T-Rex’s visit at the start of 1972 was the one show which is still talked about as it was rumoured there were well over 5,000 there.

The borough licensing magistrates a few weeks later laid down conditions for a new licence, one of which that a ‘ceiling of 3,100 persons’ could be present at any one time.

The End?

That was how I described 1973 in my book, as it was the year when the management decided they had had enough of the vandalism prevalent at the time and closed the dance hall.

But it was only after Thin Lizzy, Roy Wood’s Wizzard and Elton John had appeared: what a way to go out, with three of the top bands of the time.

I wonder how much it would cost to get Elton back for a show?

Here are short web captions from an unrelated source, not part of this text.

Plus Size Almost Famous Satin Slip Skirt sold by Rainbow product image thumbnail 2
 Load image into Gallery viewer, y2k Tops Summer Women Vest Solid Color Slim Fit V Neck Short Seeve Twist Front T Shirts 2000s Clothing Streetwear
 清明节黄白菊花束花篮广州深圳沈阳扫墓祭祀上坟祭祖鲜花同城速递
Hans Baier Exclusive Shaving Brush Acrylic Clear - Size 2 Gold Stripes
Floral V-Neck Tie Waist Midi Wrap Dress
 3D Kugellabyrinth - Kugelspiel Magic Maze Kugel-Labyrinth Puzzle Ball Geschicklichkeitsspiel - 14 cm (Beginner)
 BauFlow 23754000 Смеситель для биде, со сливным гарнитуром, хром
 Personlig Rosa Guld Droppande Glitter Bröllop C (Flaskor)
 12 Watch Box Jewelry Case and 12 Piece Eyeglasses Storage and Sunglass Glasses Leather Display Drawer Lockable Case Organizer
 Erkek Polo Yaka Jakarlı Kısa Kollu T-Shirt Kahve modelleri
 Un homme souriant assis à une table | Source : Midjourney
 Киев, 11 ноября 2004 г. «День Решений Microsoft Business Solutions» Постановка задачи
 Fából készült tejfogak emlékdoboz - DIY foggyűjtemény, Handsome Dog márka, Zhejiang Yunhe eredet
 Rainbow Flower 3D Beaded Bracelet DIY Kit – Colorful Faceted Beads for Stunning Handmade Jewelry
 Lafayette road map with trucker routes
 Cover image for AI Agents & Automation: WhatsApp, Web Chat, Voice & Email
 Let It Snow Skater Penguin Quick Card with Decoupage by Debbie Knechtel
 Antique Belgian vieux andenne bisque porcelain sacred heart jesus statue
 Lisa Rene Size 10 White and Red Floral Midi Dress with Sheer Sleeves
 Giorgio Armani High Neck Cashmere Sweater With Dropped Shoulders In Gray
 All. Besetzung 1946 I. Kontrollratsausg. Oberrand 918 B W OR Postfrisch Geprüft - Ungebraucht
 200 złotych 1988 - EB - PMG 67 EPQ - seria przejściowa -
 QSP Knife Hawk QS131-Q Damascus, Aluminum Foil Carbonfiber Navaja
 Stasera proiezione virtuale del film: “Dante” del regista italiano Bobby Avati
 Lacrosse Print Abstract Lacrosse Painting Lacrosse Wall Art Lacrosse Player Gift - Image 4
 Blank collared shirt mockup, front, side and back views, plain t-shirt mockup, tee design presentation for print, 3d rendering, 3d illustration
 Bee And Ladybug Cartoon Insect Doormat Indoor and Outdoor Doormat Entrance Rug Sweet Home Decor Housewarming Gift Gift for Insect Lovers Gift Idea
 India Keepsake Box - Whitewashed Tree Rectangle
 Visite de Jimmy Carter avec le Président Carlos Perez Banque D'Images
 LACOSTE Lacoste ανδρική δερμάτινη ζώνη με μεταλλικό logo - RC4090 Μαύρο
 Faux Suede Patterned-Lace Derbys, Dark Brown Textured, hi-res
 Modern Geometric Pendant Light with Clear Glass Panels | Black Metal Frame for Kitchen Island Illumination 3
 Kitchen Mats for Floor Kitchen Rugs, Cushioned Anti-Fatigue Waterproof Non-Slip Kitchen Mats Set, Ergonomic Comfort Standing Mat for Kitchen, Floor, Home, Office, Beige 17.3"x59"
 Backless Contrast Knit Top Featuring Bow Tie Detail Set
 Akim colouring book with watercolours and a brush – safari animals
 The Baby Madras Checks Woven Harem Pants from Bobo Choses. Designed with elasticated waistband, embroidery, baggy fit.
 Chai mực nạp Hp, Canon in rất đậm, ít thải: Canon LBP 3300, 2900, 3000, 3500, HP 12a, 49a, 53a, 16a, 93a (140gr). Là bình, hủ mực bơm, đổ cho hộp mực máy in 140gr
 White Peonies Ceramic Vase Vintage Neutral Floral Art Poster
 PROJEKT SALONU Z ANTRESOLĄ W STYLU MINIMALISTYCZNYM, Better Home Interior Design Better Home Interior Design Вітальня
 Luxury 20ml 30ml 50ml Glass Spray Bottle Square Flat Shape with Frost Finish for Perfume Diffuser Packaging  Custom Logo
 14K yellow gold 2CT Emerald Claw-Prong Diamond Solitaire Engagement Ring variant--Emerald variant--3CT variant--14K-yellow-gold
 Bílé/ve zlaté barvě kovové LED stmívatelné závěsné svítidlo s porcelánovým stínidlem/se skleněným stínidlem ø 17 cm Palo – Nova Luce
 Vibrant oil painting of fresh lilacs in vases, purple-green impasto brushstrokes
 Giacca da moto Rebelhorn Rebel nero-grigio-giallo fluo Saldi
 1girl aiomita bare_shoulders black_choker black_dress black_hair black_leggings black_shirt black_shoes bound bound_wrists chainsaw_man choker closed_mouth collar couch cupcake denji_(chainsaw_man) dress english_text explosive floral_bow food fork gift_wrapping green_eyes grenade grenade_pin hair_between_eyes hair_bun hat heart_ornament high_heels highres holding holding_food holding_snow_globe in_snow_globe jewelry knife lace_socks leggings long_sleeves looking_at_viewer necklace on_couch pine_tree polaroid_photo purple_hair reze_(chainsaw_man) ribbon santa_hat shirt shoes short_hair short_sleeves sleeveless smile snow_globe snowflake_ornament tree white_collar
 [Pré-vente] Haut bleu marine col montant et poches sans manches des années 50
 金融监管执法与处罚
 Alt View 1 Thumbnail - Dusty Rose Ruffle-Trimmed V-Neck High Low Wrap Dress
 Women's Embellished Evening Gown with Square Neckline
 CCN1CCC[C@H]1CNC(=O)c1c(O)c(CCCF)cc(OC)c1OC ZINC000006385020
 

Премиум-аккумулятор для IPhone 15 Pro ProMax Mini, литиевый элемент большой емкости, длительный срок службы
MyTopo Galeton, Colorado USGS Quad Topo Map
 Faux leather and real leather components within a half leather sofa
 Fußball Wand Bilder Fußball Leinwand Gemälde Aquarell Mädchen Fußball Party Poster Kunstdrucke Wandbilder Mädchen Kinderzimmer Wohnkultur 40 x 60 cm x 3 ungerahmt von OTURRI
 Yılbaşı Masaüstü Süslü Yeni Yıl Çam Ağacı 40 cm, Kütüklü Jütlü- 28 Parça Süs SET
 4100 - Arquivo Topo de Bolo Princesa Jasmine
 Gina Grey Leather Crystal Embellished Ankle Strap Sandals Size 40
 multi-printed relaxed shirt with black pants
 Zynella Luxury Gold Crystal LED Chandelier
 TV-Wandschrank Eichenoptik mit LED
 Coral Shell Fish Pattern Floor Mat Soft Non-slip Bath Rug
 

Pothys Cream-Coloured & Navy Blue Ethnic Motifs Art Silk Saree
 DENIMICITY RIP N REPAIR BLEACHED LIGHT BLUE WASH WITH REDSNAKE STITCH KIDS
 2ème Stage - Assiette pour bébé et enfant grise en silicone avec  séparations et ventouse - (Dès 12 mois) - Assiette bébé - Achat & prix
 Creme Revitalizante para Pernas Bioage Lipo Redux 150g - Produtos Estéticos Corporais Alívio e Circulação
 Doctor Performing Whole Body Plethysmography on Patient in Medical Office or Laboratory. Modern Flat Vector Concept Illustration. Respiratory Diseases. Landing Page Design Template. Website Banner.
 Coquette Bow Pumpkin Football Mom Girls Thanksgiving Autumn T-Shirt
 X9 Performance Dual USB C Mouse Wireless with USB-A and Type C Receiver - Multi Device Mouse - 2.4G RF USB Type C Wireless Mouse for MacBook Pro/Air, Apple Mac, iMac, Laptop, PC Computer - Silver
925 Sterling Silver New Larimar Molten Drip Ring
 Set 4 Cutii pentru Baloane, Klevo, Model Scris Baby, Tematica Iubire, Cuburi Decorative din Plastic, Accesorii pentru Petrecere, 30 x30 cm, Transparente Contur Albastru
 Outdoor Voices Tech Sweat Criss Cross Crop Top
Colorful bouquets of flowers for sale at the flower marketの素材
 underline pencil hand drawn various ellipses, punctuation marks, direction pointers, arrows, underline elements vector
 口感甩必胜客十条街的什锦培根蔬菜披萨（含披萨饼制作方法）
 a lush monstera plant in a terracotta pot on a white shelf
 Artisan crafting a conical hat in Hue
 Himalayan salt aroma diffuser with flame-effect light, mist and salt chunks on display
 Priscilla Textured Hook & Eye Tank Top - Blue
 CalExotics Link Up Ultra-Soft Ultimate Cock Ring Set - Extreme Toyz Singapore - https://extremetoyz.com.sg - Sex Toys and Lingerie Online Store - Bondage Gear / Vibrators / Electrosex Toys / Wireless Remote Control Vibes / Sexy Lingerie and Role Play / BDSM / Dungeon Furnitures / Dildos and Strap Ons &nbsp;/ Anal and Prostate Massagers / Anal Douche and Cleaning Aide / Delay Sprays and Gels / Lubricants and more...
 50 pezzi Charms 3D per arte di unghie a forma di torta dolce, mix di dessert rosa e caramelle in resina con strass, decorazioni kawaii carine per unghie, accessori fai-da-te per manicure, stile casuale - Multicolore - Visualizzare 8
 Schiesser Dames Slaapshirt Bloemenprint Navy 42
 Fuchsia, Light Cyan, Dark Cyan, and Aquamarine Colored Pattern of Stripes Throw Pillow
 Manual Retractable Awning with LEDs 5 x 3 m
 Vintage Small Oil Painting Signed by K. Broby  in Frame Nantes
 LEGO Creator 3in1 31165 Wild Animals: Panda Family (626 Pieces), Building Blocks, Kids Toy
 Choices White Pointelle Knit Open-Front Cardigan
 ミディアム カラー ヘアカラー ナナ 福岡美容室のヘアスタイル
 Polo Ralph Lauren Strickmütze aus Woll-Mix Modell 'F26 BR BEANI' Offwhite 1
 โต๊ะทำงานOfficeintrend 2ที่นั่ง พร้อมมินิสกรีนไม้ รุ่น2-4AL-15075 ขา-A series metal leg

Mind you, it was expensive then: £1.50!

It would be 23 years before shows restarted on a regular basis in 1996 with several of the bands of the glory days – although the name was the same, in most cases the personnel were not – making an appearance.

These continued for about 10 years until a halt was called once again, and then it was decided a couple of years ago to restart ‘popular’ dances once a month using local groups interspersed with bigger 
bands and so we come up to date.

How the venue missed out on the Beatles

So Elton John, T Rex, Tina Turner...but why not the Beatles?

Well they were actually booked to play!

Now, there are two versions of why they didn’t ever take to the Glider stage.

One is that their security people visited and insisted on so many restrictions that the Glider management decided to pull the plug.

The other, is that after booking the group for a small fee, believed to be around £35, those in charge decided not to sign the final contract as they had never heard of them.

If this was the case, they certainly had by the time they were set to play in the town - as the Beatles’ first record reached number one on the same weekend they were due in Boston!